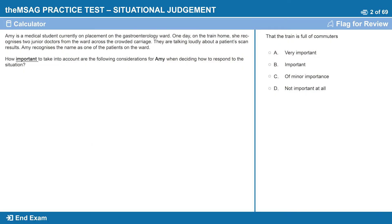Let's go back to that initial scenario we saw in our introduction. Amy is a medical student currently on placement on the gastroenterology ward. One day on the train home she recognises two junior doctors from the ward across the carriage. They are talking loudly about a patient's scan results, and Amy recognises the name as one of the patients on the ward.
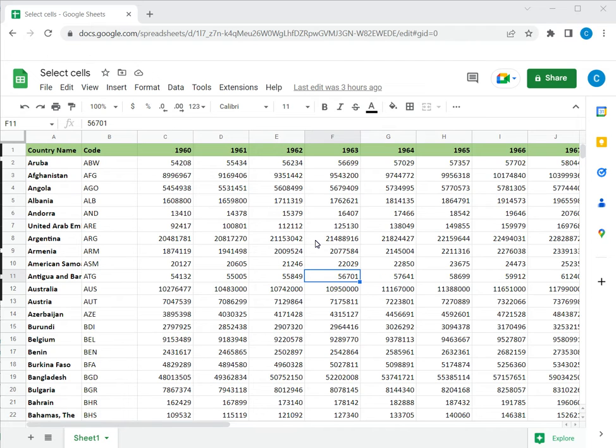You may want to select cells to either format them, move them to a different location, or use them in a formula. There are two ways of doing this.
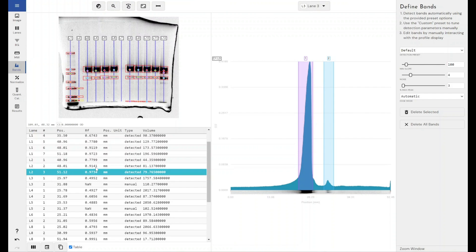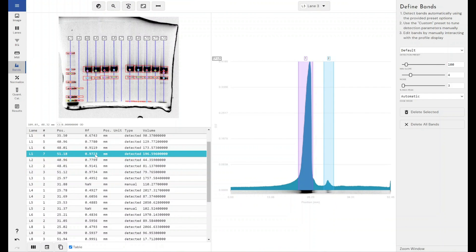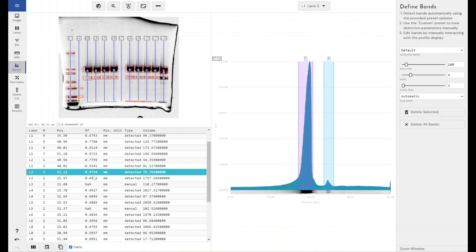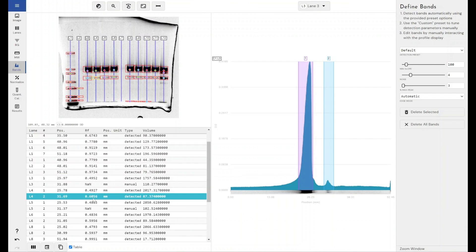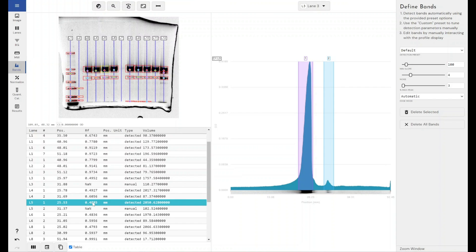And you can use this value to determine the rough sizing of your protein, your DNA, your RNA, whatever it may be that you're looking at on your image. You can see how far it's migrated and how that relates to all of the other samples within your experiment.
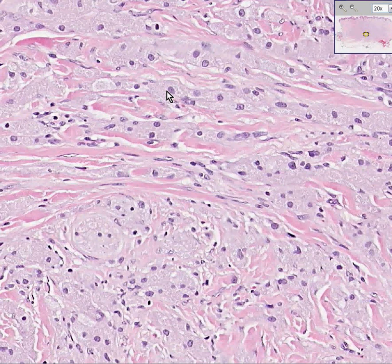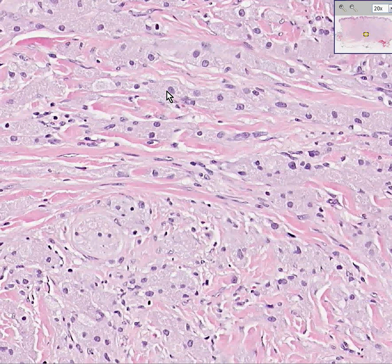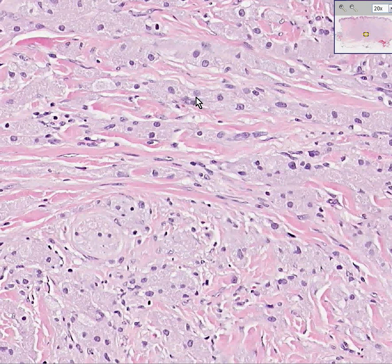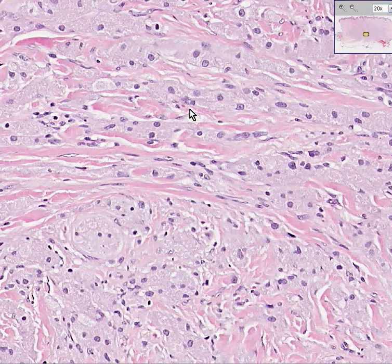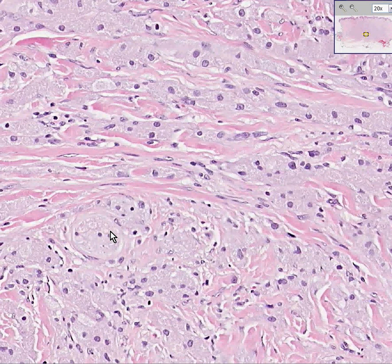If you were to use a supravital stain like methylene blue, however, the granules would be spectacular, and they still can show up here on the H&E stain. For a long time, people thought that these cells were related to muscle cells, so they were originally called granular cell myoblastomas. Now, with modern antigen staining, it looks like they may be of nerve sheath origin, like a Schwann cell, and they have many of the common antigens that Schwann cells do. Nevertheless, they are still called granular cell tumors.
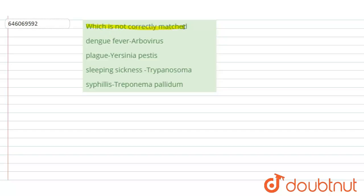The question here is: which is not correctly matched? The first option is dengue fever and arbovirus. The second is plague and Yersinia pestis. The third is sleeping sickness and Trypanosoma. The fourth is syphilis and Treponema pallidum.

== Task prompt ==
Transcribe the records verbatim, excluding pictures.

== Written solution ==
Let's go back to that initial scenario we saw in our introduction. Amy is a medical student currently on placement on the gastroenterology ward. One day on the train home she recognises two junior doctors from the ward across the carriage. They are talking loudly about a patient's scan results, and Amy recognises the name as one of the patients on the ward.
You may want to select cells to either format them, move them to a different location, or use them in a formula. There are two ways of doing this.
And you can use this value to determine the rough sizing of your protein, your DNA, your RNA, whatever it may be that you're looking at on your image. You can see how far it's migrated and how that relates to all of the other samples within your experiment.
If you were to use a supravital stain like methylene blue, however, the granules would be spectacular, and they still can show up here on the H&E stain. For a long time, people thought that these cells were related to muscle cells, so they were originally called granular cell myoblastomas. Now, with modern antigen staining, it looks like they may be of nerve sheath origin, like a Schwann cell, and they have many of the common antigens that Schwann cells do. Nevertheless, they are still called granular cell tumors.
The question here is: which is not correctly matched? The first option is dengue fever and arbovirus. The second is plague and Yersinia pestis. The third is sleeping sickness and Trypanosoma. The fourth is syphilis and Treponema pallidum.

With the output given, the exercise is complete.